PROBLEM DESCRIPTION: The response must consist of the lines below from the one with "Soluzione ripetitore drone" through the one with "[ไฮโดรเจนมาก] leofoto/leofoto Hydrogen", exactly as they appear and with both ends kept.

ENTRIES PROVIDED:
● ● ●
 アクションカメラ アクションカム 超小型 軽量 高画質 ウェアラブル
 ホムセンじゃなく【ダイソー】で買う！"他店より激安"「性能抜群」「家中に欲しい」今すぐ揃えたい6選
● ● ●
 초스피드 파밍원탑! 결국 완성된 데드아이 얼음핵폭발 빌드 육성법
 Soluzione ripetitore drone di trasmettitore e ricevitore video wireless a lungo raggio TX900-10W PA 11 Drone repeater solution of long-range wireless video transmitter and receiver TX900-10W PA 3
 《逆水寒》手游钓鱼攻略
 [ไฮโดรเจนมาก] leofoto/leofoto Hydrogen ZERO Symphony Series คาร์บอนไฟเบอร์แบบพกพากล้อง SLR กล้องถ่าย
● ● ●
EXERCISE RESULT:
 Soluzione ripetitore drone di trasmettitore e ricevitore video wireless a lungo raggio TX900-10W PA 11 Drone repeater solution of long-range wireless video transmitter and receiver TX900-10W PA 3
 《逆水寒》手游钓鱼攻略
 [ไฮโดรเจนมาก] leofoto/leofoto Hydrogen ZERO Symphony Series คาร์บอนไฟเบอร์แบบพกพากล้อง SLR กล้องถ่าย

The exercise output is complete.